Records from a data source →
______________________________

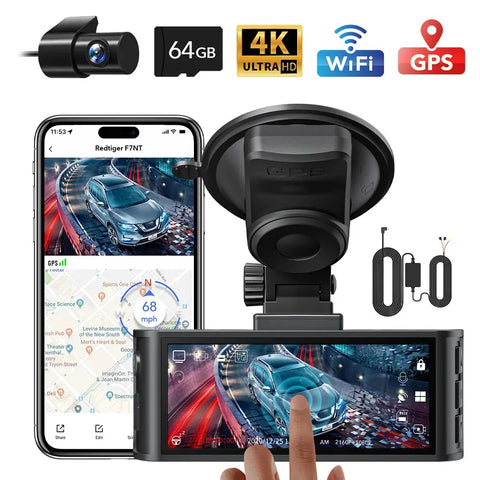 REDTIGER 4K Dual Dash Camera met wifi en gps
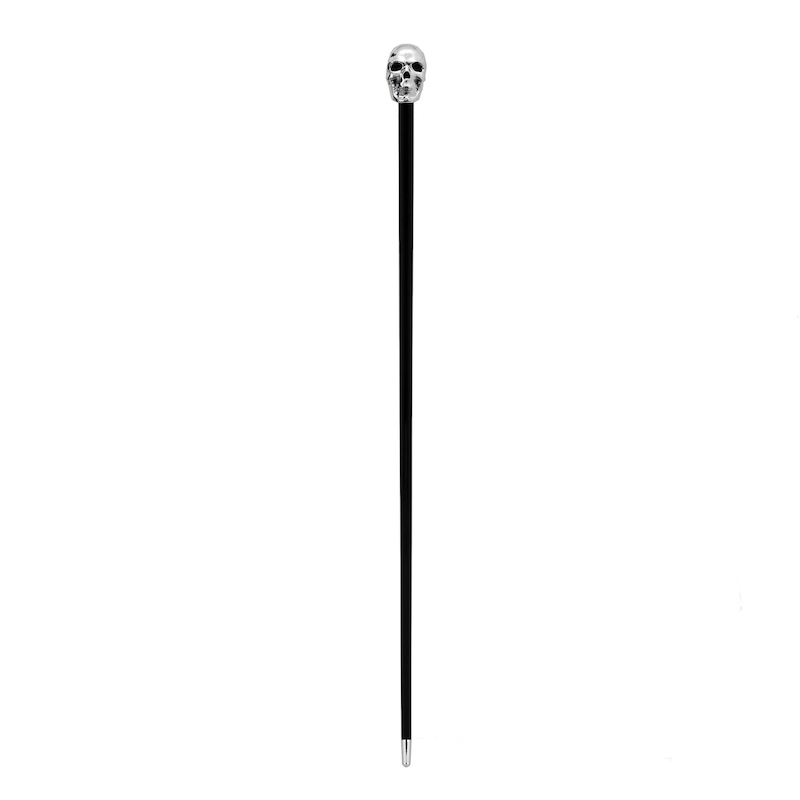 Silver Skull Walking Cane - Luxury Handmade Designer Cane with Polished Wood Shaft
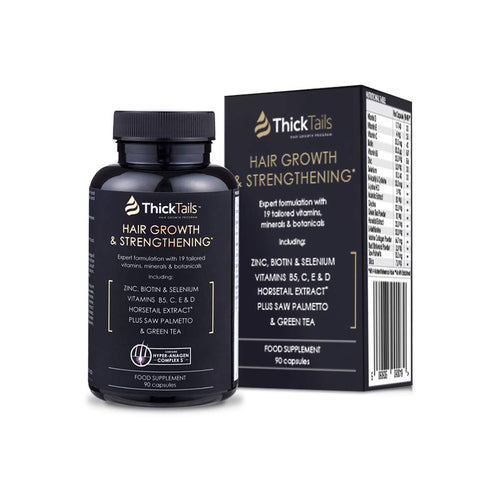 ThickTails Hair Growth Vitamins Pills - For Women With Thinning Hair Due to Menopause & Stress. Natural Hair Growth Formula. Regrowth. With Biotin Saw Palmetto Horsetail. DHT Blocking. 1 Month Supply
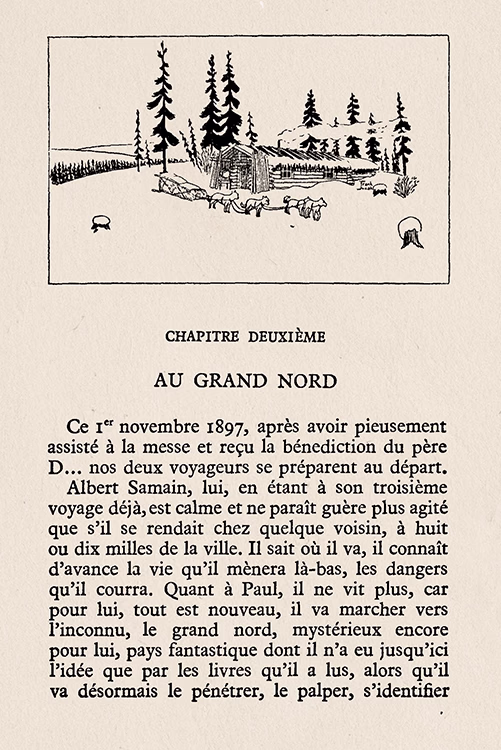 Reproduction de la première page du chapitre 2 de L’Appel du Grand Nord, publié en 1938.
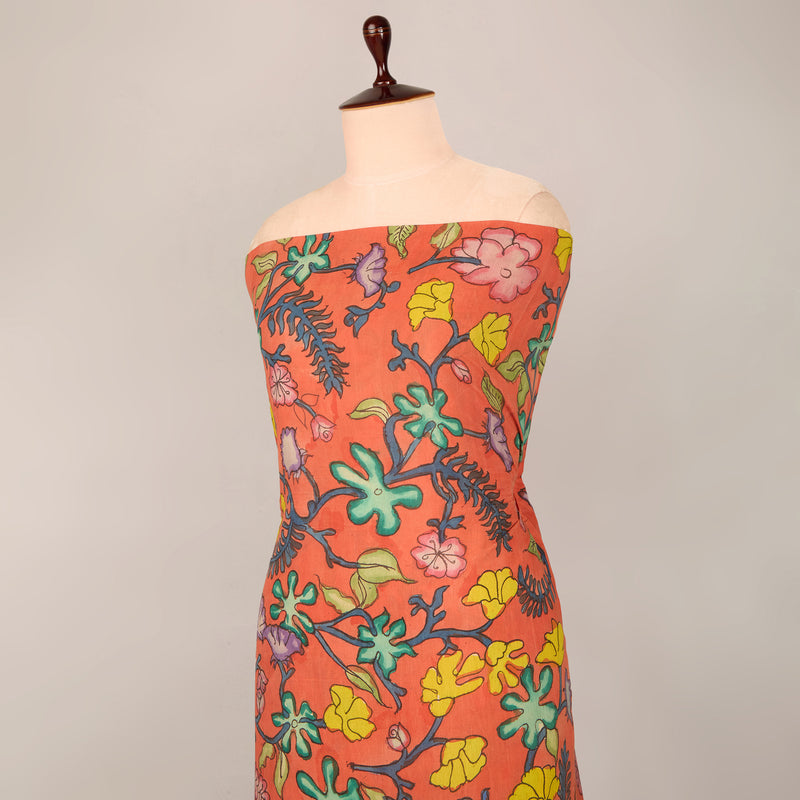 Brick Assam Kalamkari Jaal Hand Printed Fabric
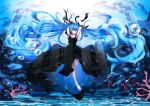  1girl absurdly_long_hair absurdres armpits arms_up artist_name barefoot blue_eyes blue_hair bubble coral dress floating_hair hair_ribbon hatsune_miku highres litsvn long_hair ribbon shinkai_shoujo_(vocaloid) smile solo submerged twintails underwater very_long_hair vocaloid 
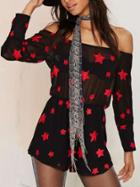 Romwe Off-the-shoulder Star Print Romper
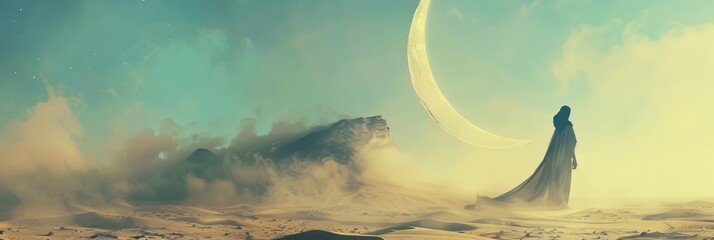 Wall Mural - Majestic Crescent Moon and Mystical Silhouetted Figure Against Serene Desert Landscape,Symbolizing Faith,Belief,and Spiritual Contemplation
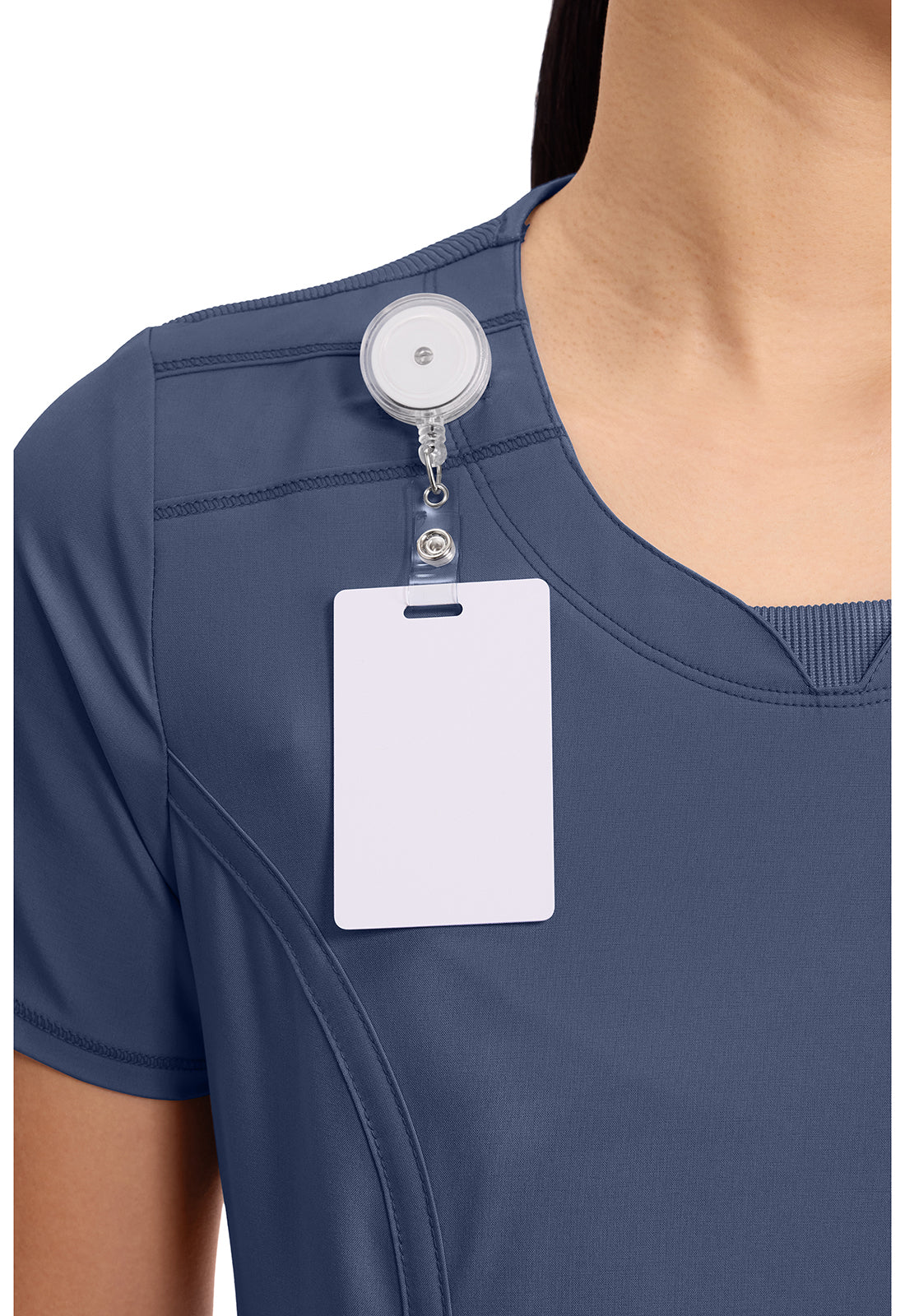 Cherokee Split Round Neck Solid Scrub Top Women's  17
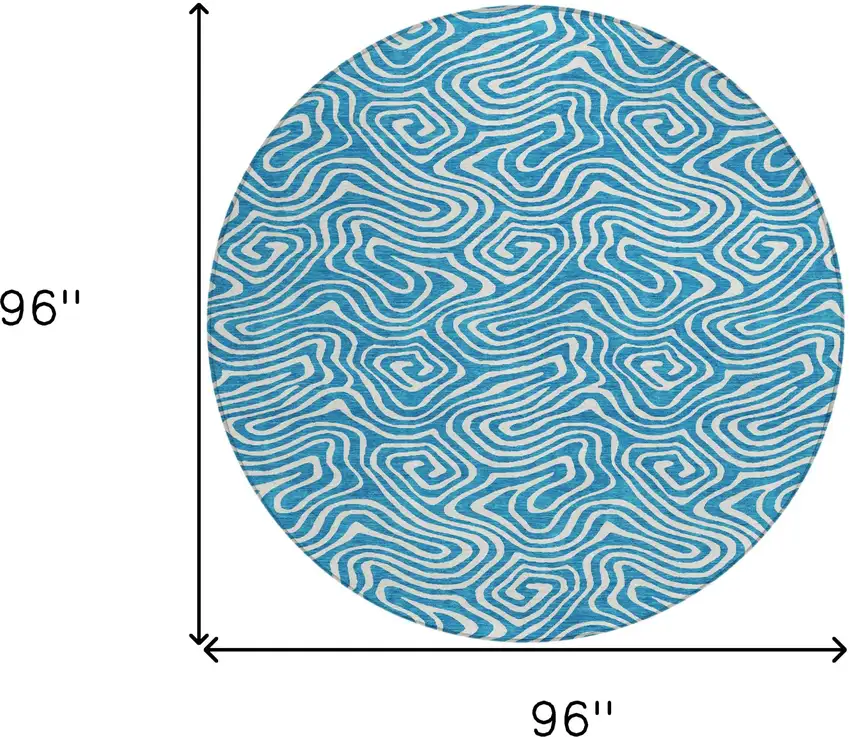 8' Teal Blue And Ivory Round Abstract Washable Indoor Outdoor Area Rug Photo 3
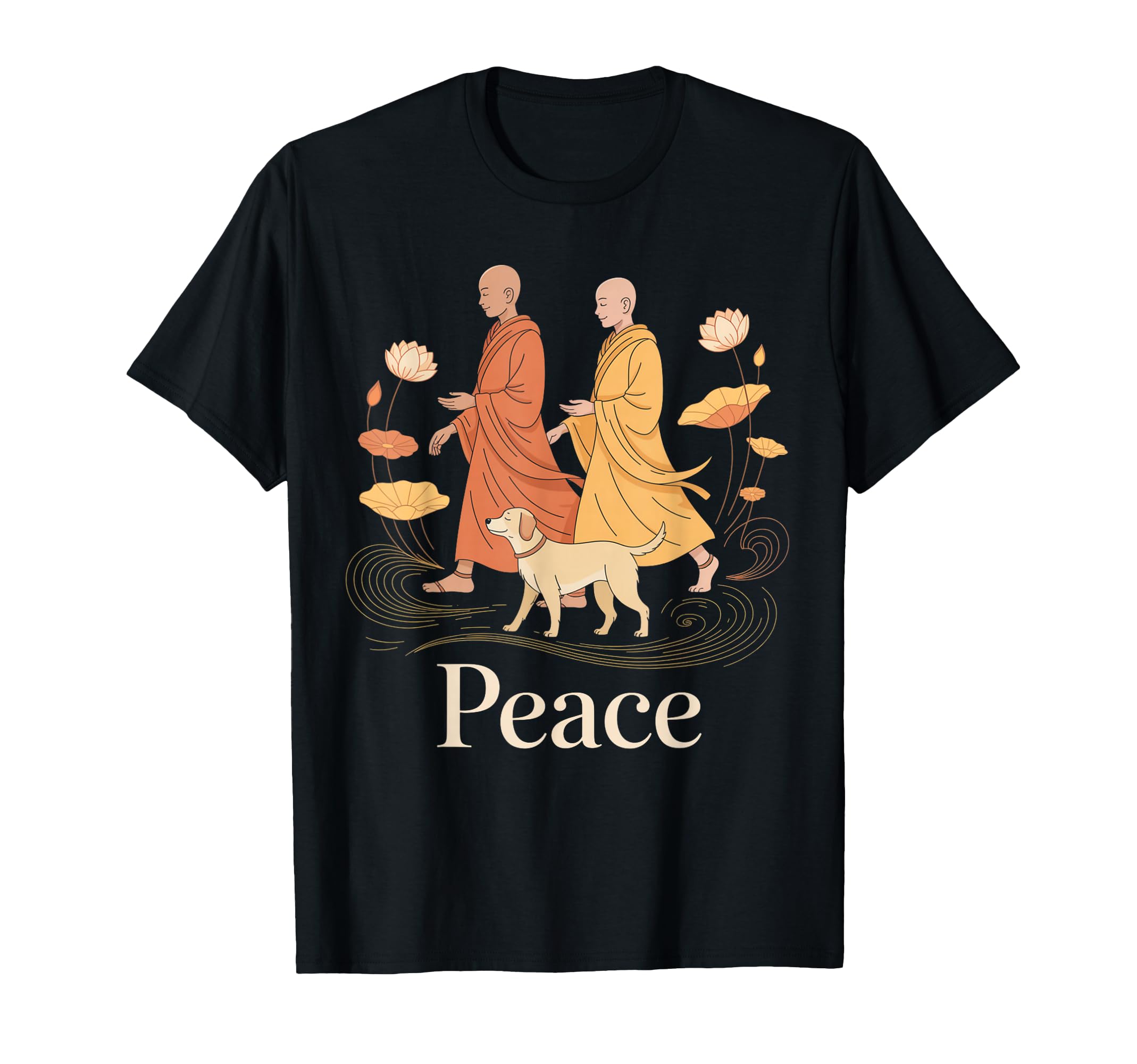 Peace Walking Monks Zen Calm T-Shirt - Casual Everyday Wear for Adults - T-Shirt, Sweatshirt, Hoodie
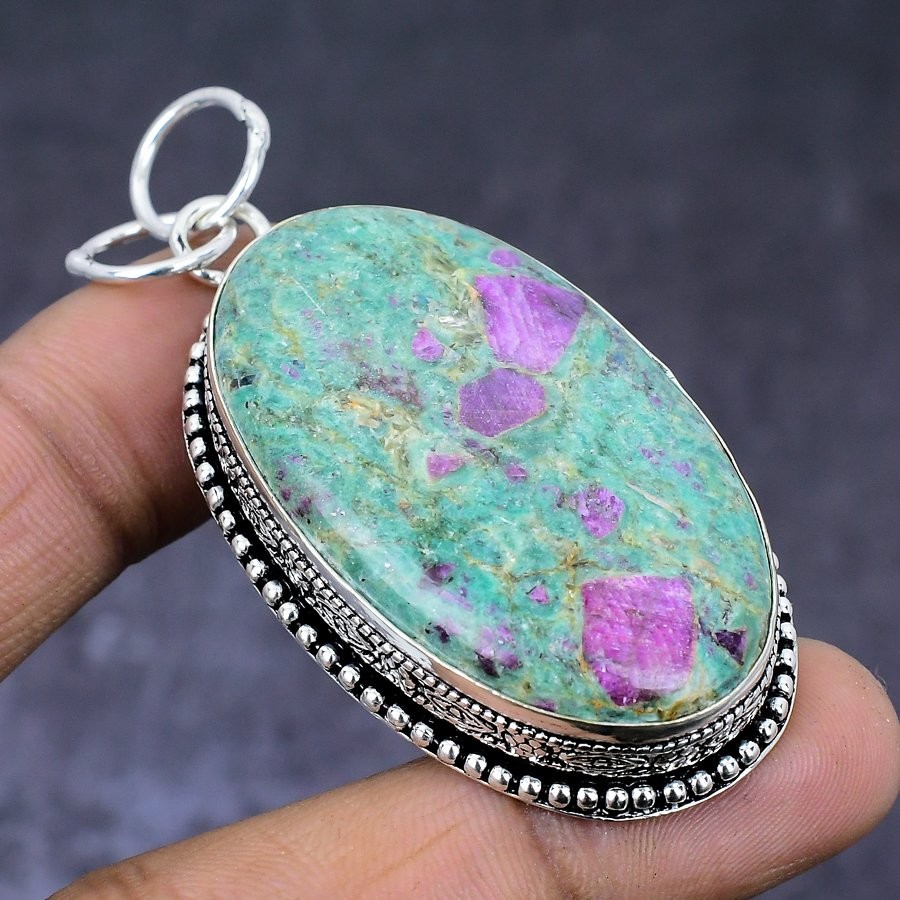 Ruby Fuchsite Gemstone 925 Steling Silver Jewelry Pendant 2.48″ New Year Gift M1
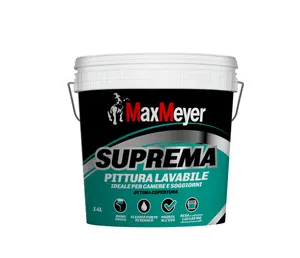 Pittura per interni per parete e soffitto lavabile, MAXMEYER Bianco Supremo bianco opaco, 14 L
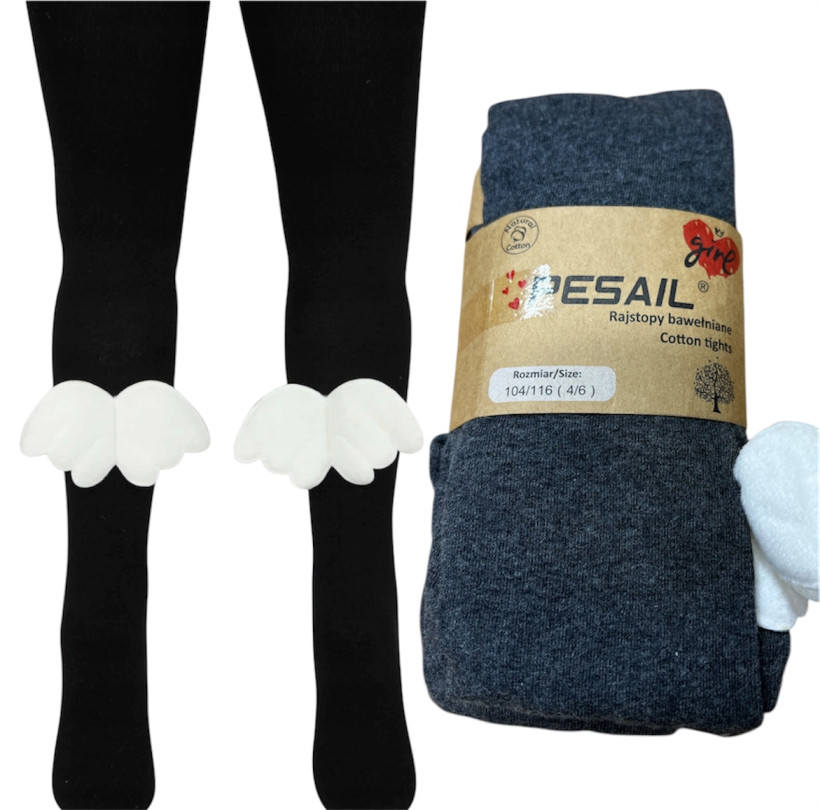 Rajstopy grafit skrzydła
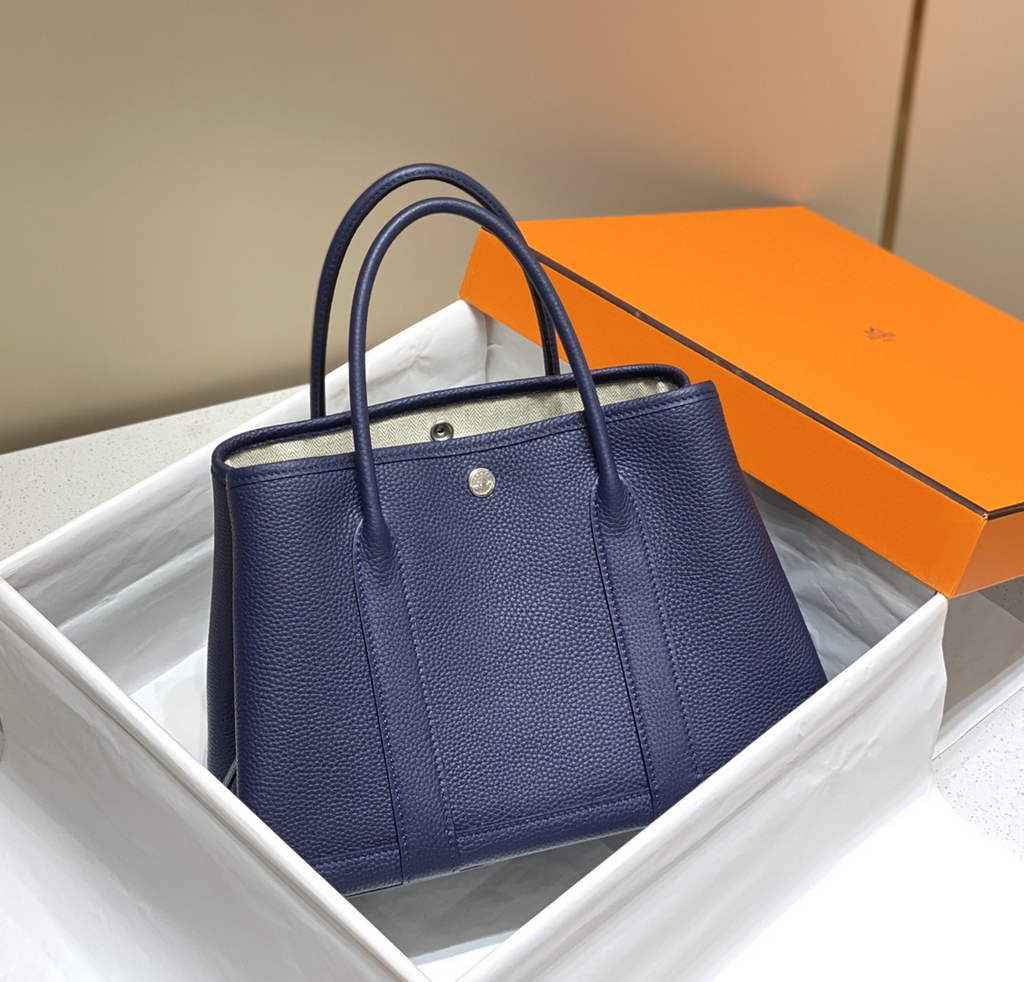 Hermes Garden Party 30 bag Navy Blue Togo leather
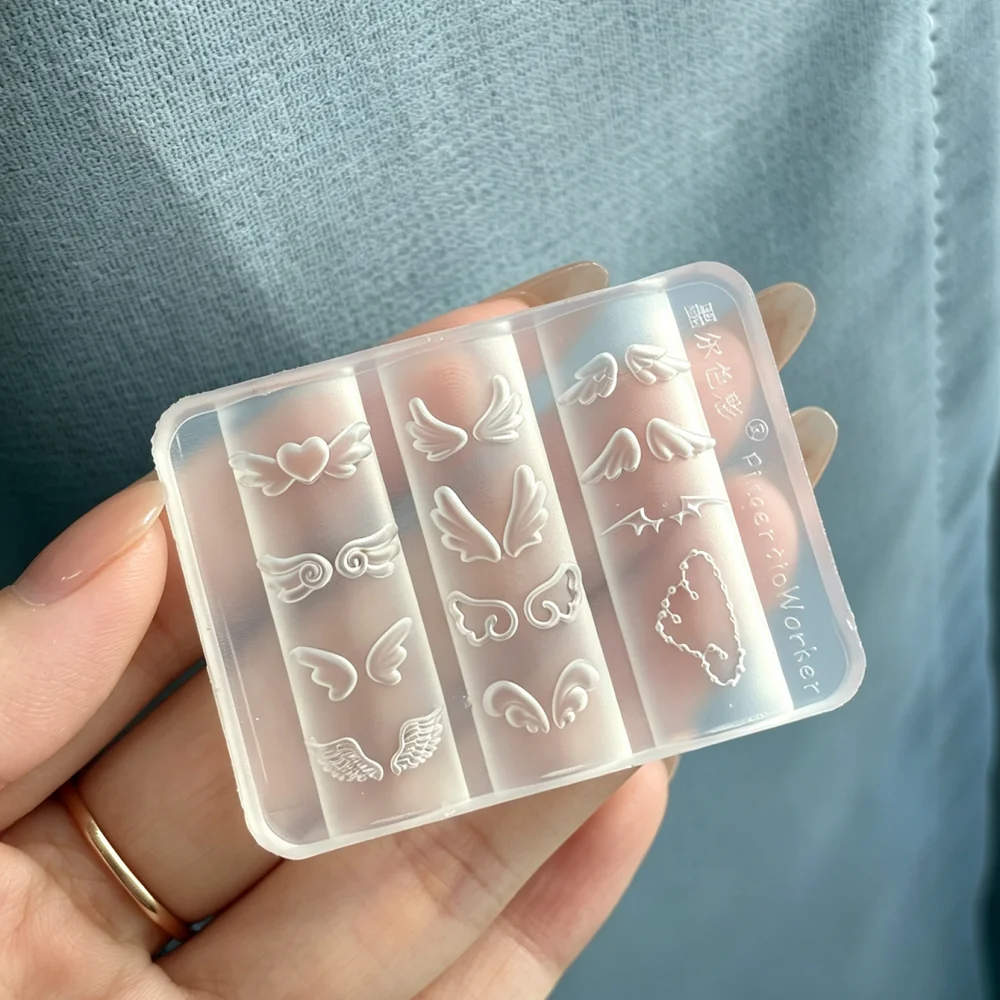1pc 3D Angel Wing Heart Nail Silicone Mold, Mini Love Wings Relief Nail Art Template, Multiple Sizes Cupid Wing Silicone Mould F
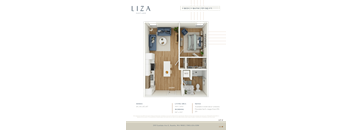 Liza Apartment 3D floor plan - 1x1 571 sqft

______________________________

Each line from the beginning of the entries up to and including the one containing "Cherokee Split Round" must be restated exactly. Pictures are to be left out.

OUTPUT BELOW →
 REDTIGER 4K Dual Dash Camera met wifi en gps
 Silver Skull Walking Cane - Luxury Handmade Designer Cane with Polished Wood Shaft
 ThickTails Hair Growth Vitamins Pills - For Women With Thinning Hair Due to Menopause & Stress. Natural Hair Growth Formula. Regrowth. With Biotin Saw Palmetto Horsetail. DHT Blocking. 1 Month Supply
 Reproduction de la première page du chapitre 2 de L’Appel du Grand Nord, publié en 1938.
 Brick Assam Kalamkari Jaal Hand Printed Fabric
  1girl absurdly_long_hair absurdres armpits arms_up artist_name barefoot blue_eyes blue_hair bubble coral dress floating_hair hair_ribbon hatsune_miku highres litsvn long_hair ribbon shinkai_shoujo_(vocaloid) smile solo submerged twintails underwater very_long_hair vocaloid 
 Romwe Off-the-shoulder Star Print Romper
 Wall Mural - Majestic Crescent Moon and Mystical Silhouetted Figure Against Serene Desert Landscape,Symbolizing Faith,Belief,and Spiritual Contemplation
 Cherokee Split Round Neck Solid Scrub Top Women's  17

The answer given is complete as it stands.